One day left… aaaand I lost it.

Welp. We went to my sister’s house for Christmas dinner, and she had her in-laws there, so there were more strangers than people I knew there. I coped with two strong drinks and when we finally left I thought I’d made it through Christmas Day, but I thought too soon.  My parents and I got home to their house, and the phone rang right after we walked in. My dad didn’t pick it up because he thought my mom was getting it and vice versa. So it went to voicemail and I said to my mom that she could just hit redial for the last caller (she’s not the best at technology.) Suddenly it turned into a yelling match with my dad hollering at my mom that he thought she was going to get it and it rang so many times and so on and so forth. 

I don’t know why that was the last straw for me but it was – I’d mentioned earlier (probably more snarkily than I would like) that it was kind of stressful staying here because they yelled at each other all the time, and slammed cupboard doors, and that I liked things to be more mellow. Anyway I was really shocked at how soon it escalated into a screaming match – like can you just not say, conversationally, “Oh, I thought you were going to answer it. Guess I’ll call them back.”  It’s not a Defcon-3 emergency or anything.

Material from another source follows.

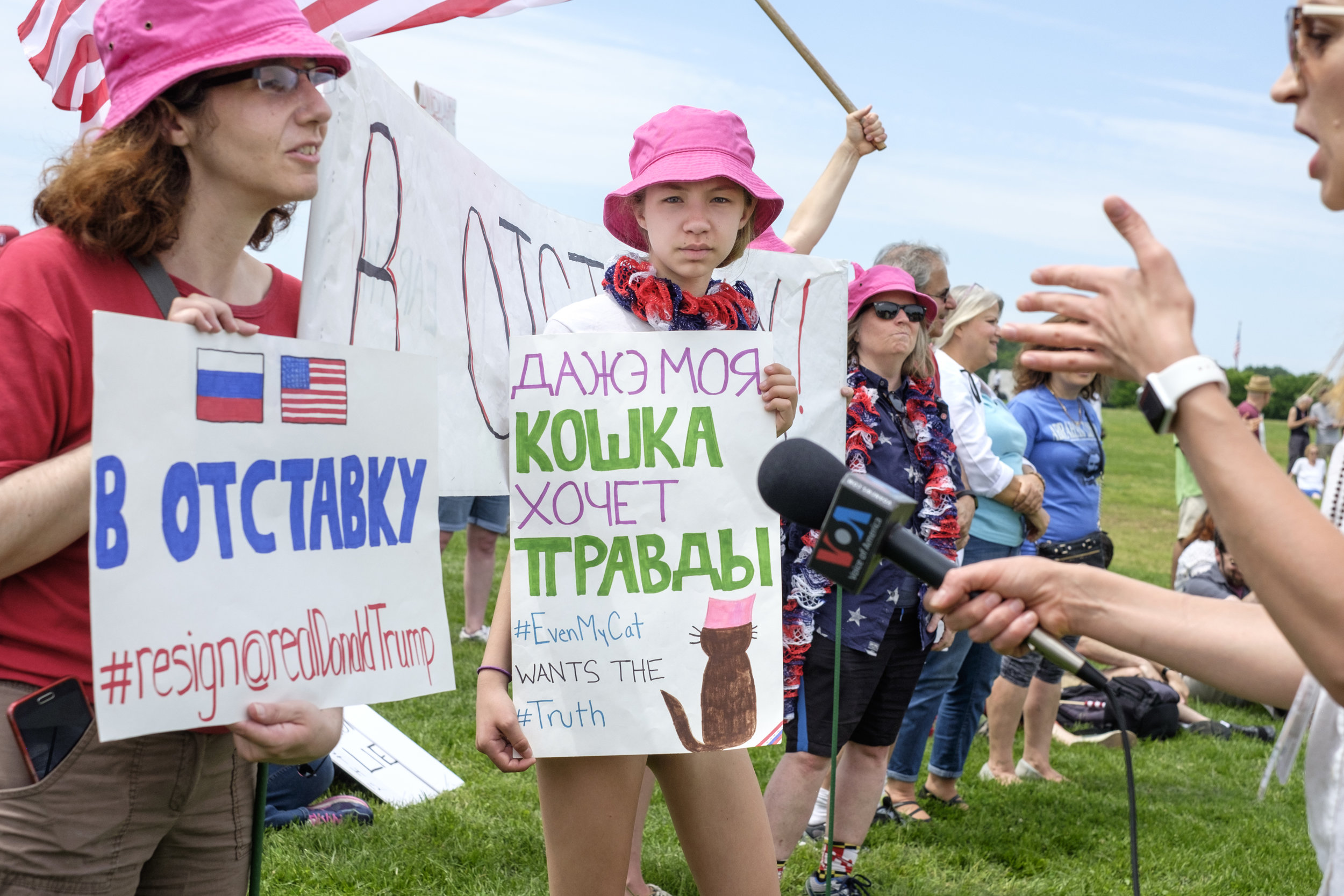 Maddie Smith of Maryland, center, is seen at the March for Truth DC rally held on the National Mall on Saturday, June 3, 2017 in Washington, DC. When asked why she attended the protest she said simply, “I’m pro-Truth.” Her sign, written in both Russian and English, states "Even My Cat Wants the Truth."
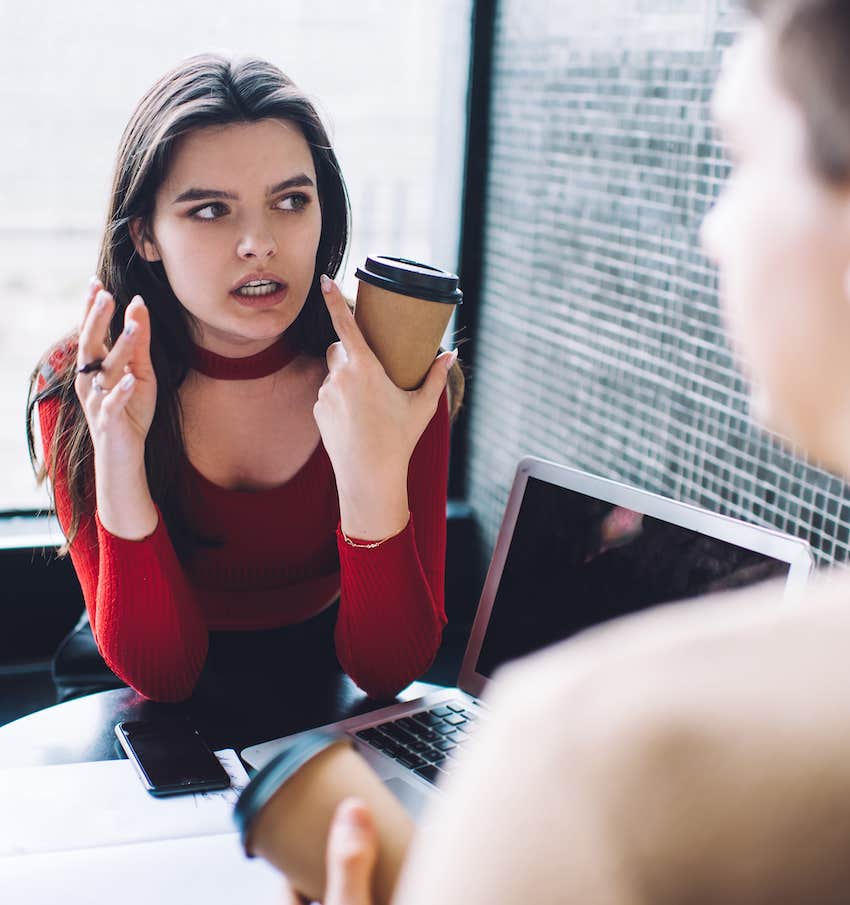 Woman holds coffe and talk to friend all about herself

Anyway, I lost it and yelled “Holy shit! This is NOT NORMAL for people to yell at each other all the time over nothing, like you can’t even say “I thought you were going to get the phone” in a normal voice?!” So my mom started explaining how she wasn’t really yelling, and my dad started yelling at me about how he thought his yelling was justified because my mom was closer to the phone, and it rang X number of times, and I was like “That’s fine but that doesn’t justify YELLING at each other ALL THE TIME! Staying here really sucks! If there was a bus leaving to go home right now I would be on it!” So my dad stomped away and my mom tried to explain how she tried not to yell but Dad yells at her and I said “Maybe you should get a divorce then!” which actually reflects my feelings – if you don’t enjoy being together and have an abusive dynamic, don’t be together. 

Of course, the way our family dynamics work, the yelling was normal and it was my calling it out that was not normal, so everybody being upset becomes my fault and I’m the one who was a Bitch on Christmas Day, and so like it’s my job to smooth things out by apologizing. Dammit!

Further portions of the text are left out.